If you are running a large Gerrit server with high load, are considering upgrading to 2.12
*and* rely on online reindexing then this info is important to you.
We did the upgrade last week and experienced some critical issues which we didn't see
when testing the upgrade on a test Gerrit server.
Due to an issue mentioned in [1], discussed further in [2] and also [3] we had to restart Gerrit
every 2-3 hours because an "NRT open/closed" thread died due to a StackOverflowError.
The problem was caused by a deep nesting of Lucene IndexReader's which seems to
happen only under a high load (therefore we didn't get this issue on our test Gerrit server)
and only when Lucene 5 has to read/write Lucene version 4 indexes.
Gerrit server was slow most of the time and our users kept complaining.
After every restart the online reindexing started from scratch and it couldn't finish until the next restart... so we had to look for other options.
We resolved the issue in the following way:
* create a copy of the production server on another machine at the time T
* run offline reindexing on the copy
* when the offline reindexing is done:
* shutdown the production Gerrit server
* copy the Lucene changes_0025 index from the copy to the production instance however, still
keep the index version 14 active
* start the production instance
* find all changes which were updated (or created) since the time T:
"select change_id from changes where last_updated_on >= T"

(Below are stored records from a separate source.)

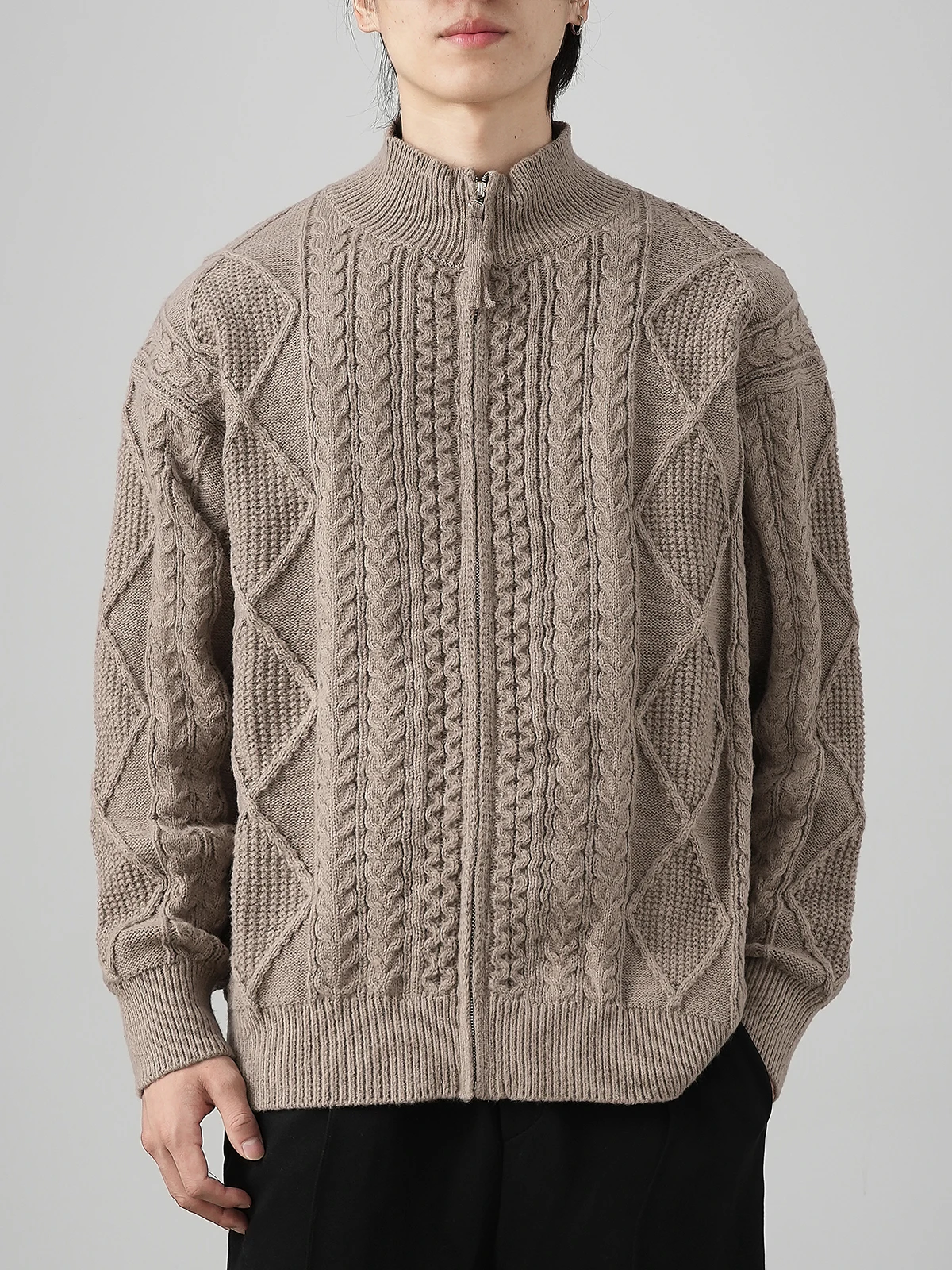 DUKEEN เสื้อสเวตเตอร์ถักผู้ชายฤดูใบไม้ร่วงและฤดูหนาวสบายๆหนาซิปเสื้อคอเต่าสีทึบเสื้อถักสําหรับชาย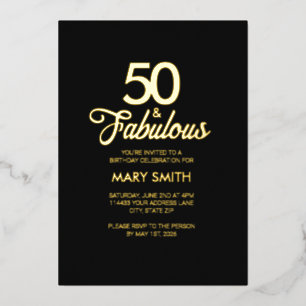 Modern Fifty and Fabulous 50th Birthday Black Gold Foil Invitation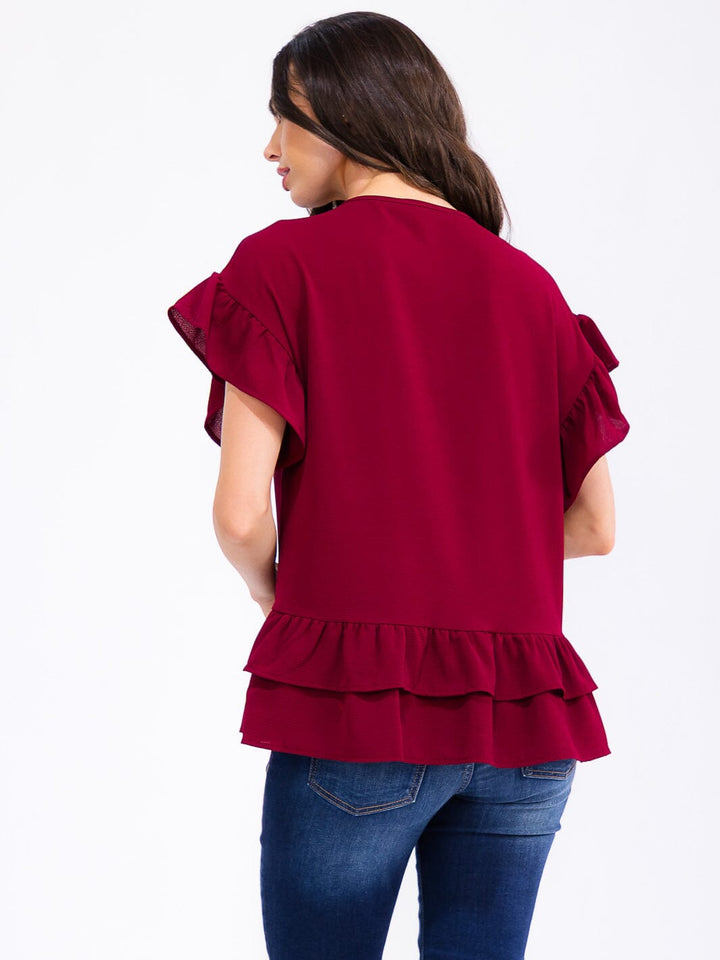 WOMEN'S SHORT RUFFLE SLEEVE TIERED BLOUSE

and reindex these changes via REST API calls. We ran 30 parallel requests all the time
and it took about 10 minutes
* stop the production Gerrit server
* activate the index version 25, deactivate version 14
* start the production instance
* Done: the main problem is gone and Gerrit is again smooth and fast.
Another option would be to run offline reindexing on the production instance but we
couldn't afford 10 hours of downtime.
Ideally we should find/fix the issue with the deep nesting of IndexReader's.. until then
this info may save you quite some trouble.